Sugar: German Kolsch
Gingerbread: Stout or Porter. It will be like dunking your gingerbread cookie in coffee.

General Beer Pairing Tips

Beer pairing has a lot of the same rules as wine pairing. If you are eating something light, like fish or seafood, you want a lighter, easier drinking beer like a Belgian or Pilsner.
If you are going with bigger meats, you need a bigger beer to go with it. Try a Bock, Porter, or Stout.
For spicy foods, you either want to with a light beer to calm the spice or a hoppy beer to cut through the spice. 

Robyn spoke passionately about beer pairings. Her and I don’t always agree on the beer versus wine debate (and I think I may be throwing down a challenge here) but she does bring up some good points. There are so many variables in making beer that are not always in the wine making process. She argues that you have so many more flavor options than with wine and a full spectrum of colors in beer from lightest straw color to ambers, browns, oranges, and finally to the blackest stout. And because you have more ingredients and flavors to work with, she argues that beer generally pairs better than wine. I think a future beer versus wine party may be in order…
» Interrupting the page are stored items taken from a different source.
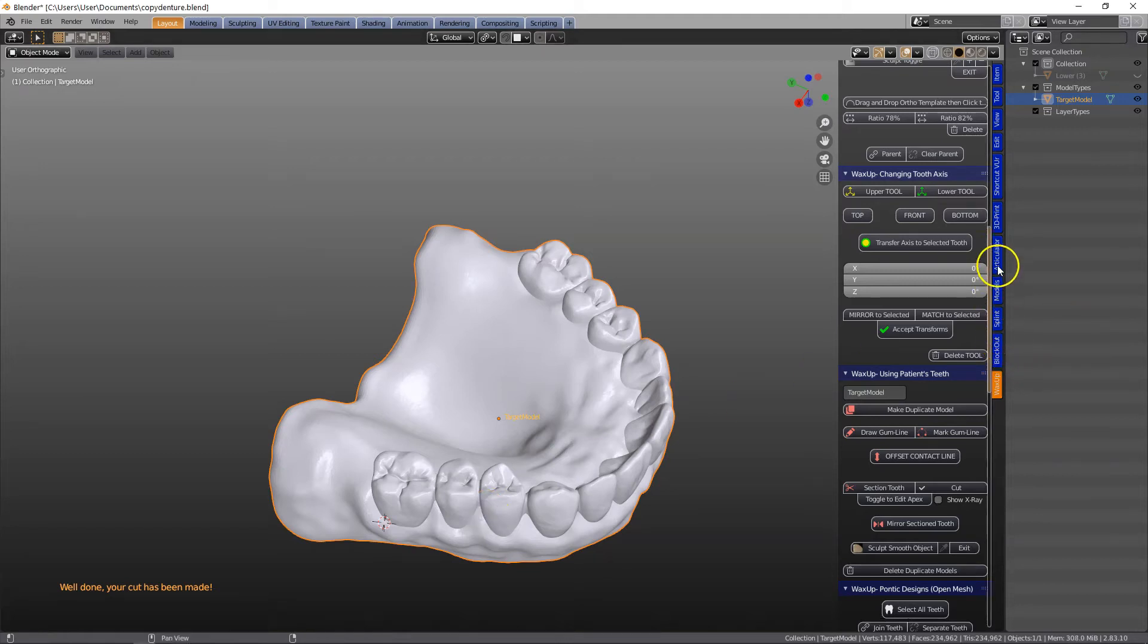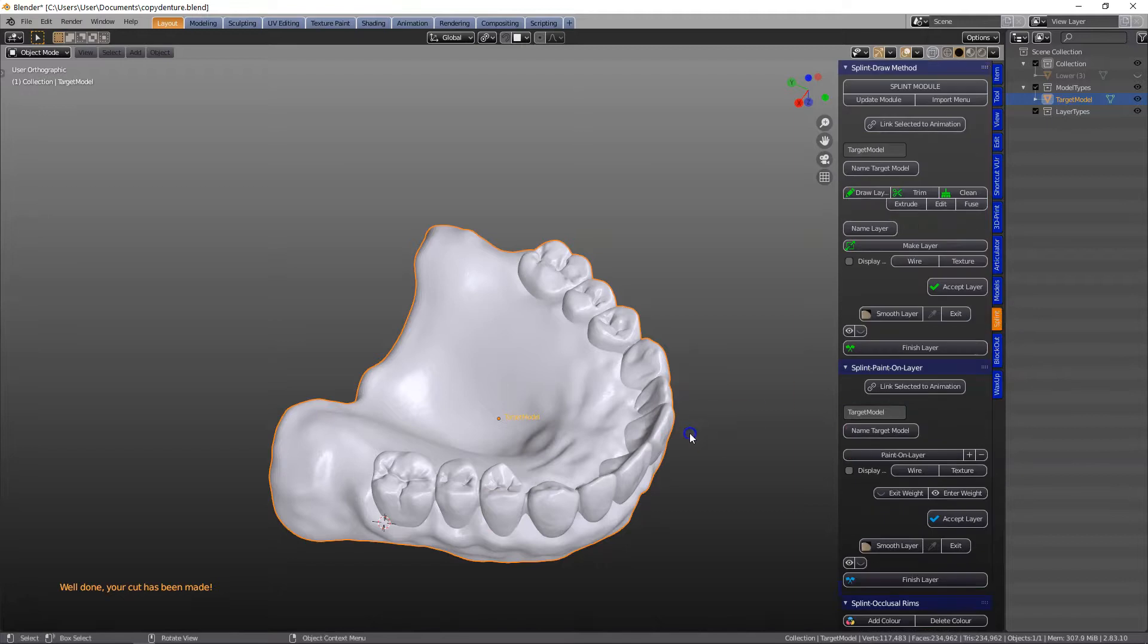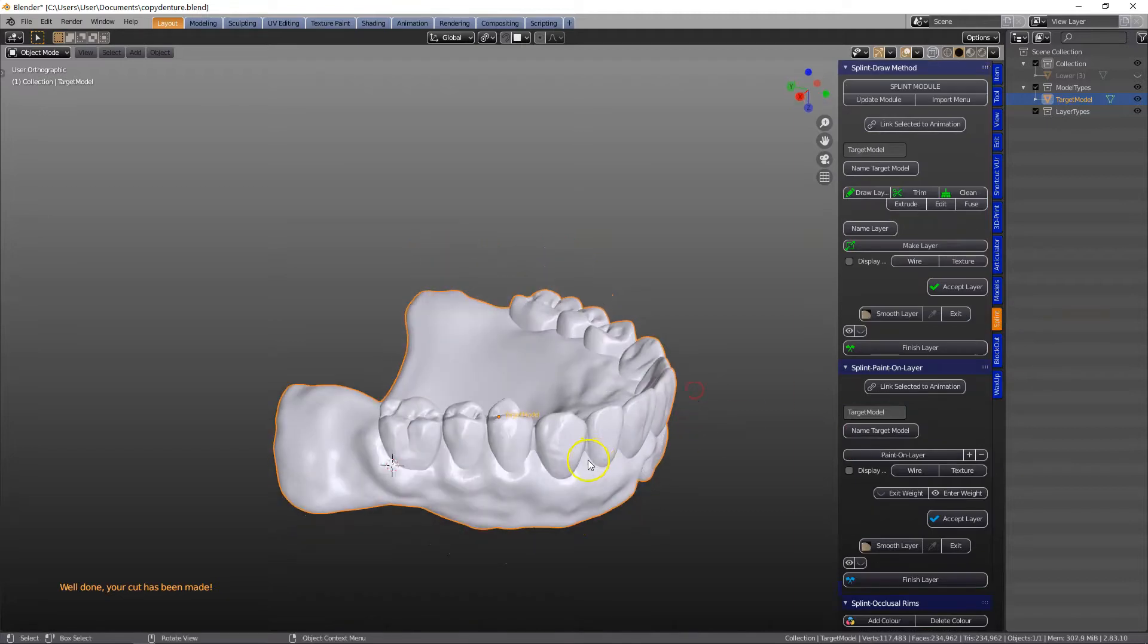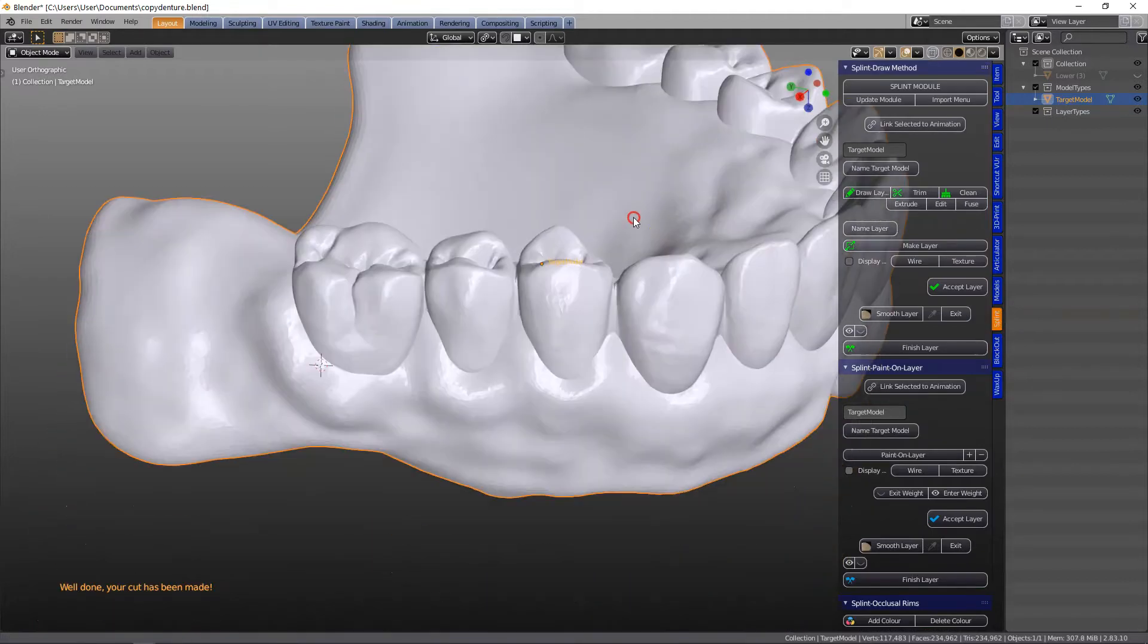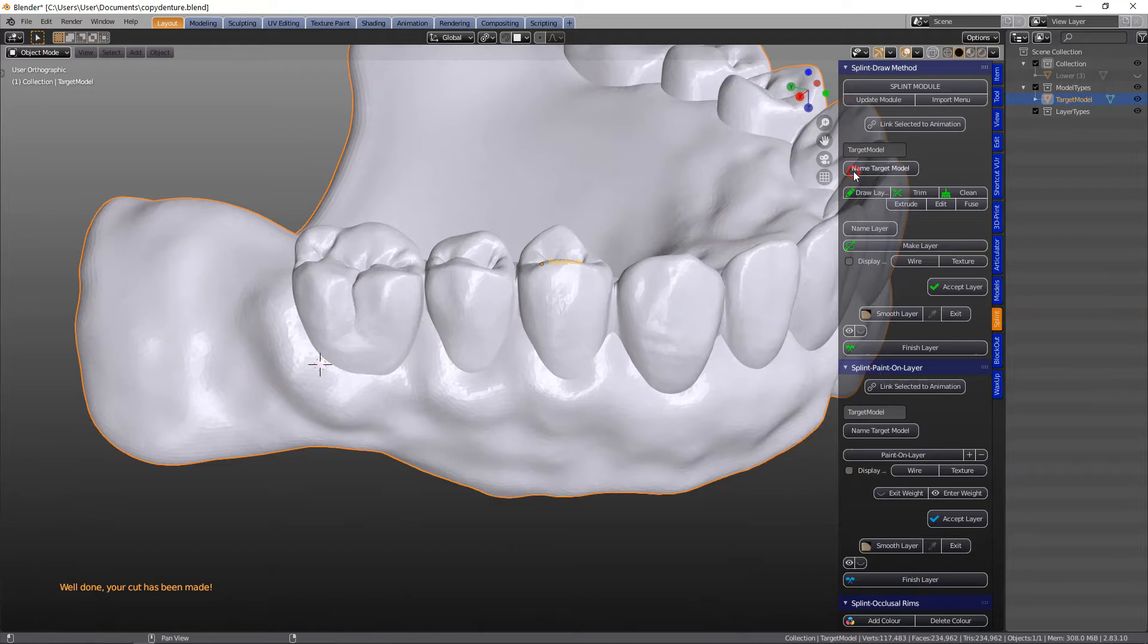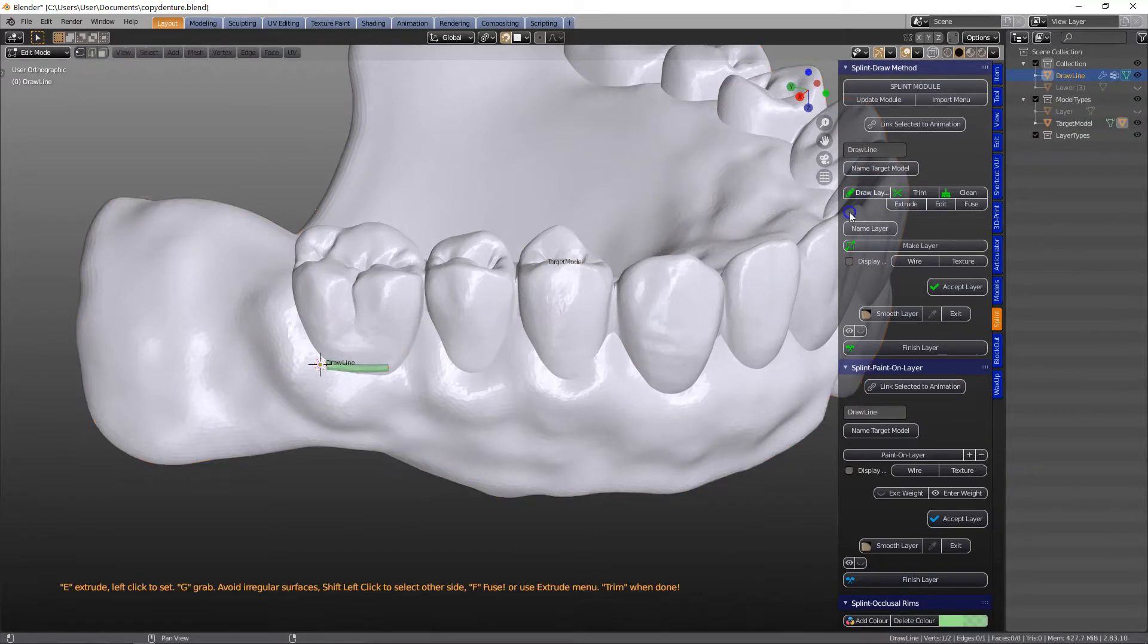This is a quick video to show how to make a copier. So what I've done is I'm going to use a splint module and make sure it's called target model, and then we're going to draw a line.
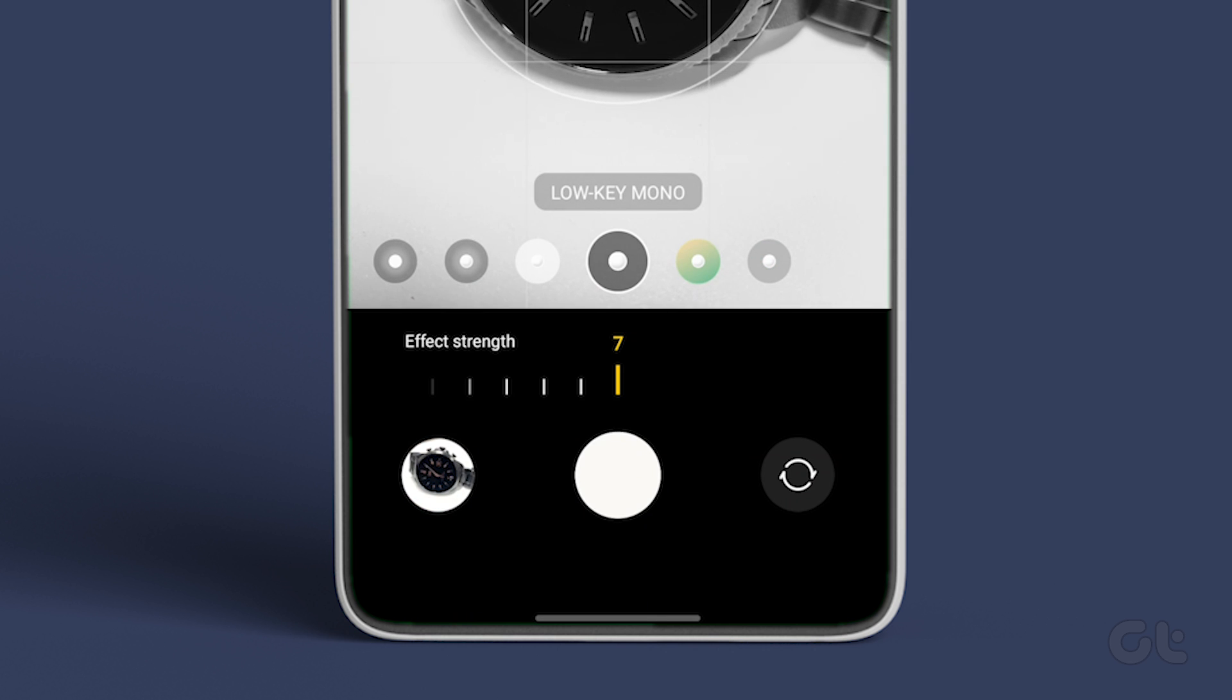That's it! Hopefully these methods help you easily blur the background or part of any picture on your Samsung Galaxy phone without installing any third-party apps.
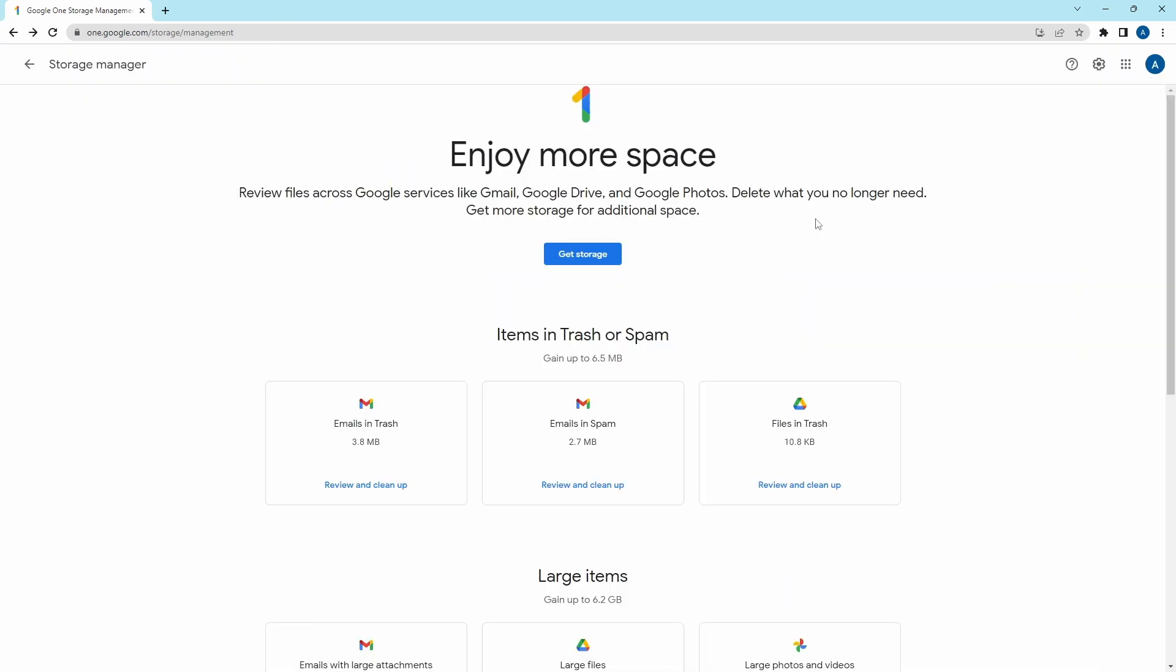So this is how to free up space in Google Drive. I hope this video helped you, goodbye.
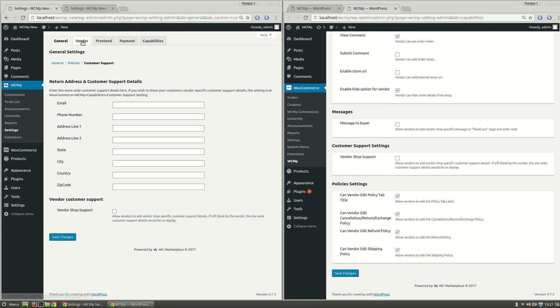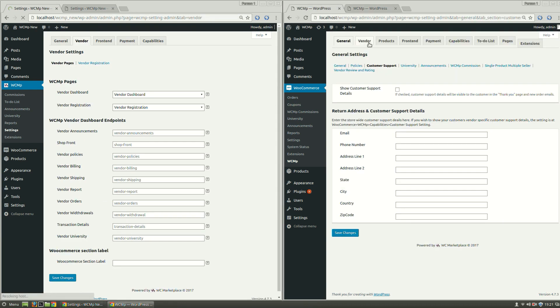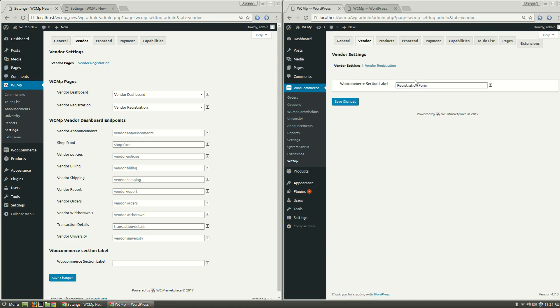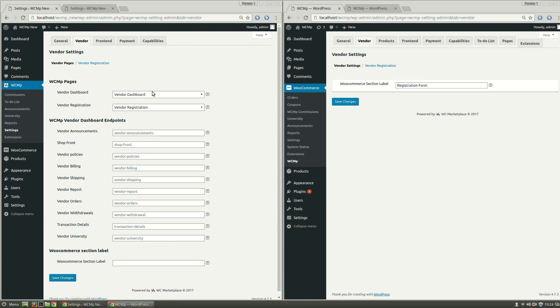Coming to the Vendor tab, we can see Vendor Settings have now been replaced by Vendor Pages, under which we have WCMP Pages and Vendor Dashboard Endpoints. In our earlier version, WCMP provided various Vendor Pages. We have now moved on from Pages to Endpoints, going by the latest WordPress and WooCommerce Conventions.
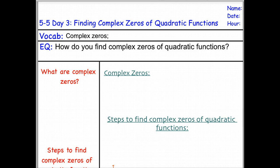Hello and welcome to 5-5, day 3: finding complex zeros of quadratic functions. First of all, what are complex zeros?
The Beer Guru’s Favorite Beer

Robyn’s current favorite beer is the Vintage’s Pumpkin Disorderly.  The base of the beer is a Brown Abbey (a Belgian beer). Because the yeast in the Belgian beers lends a lot of natural spice notes, Scott didn’t have to add as many spices to the beer. Compared to a normal pumpkin spice beer, he added half of the spices (cinnamon and nutmeg) and that makes the beer more rich and less cloyingly sweet.

And in my humble opinion, I like it because you get to drink it in a cool glass. I am purposefully leaving out a picture so you will just have to go to the Vintage to try it!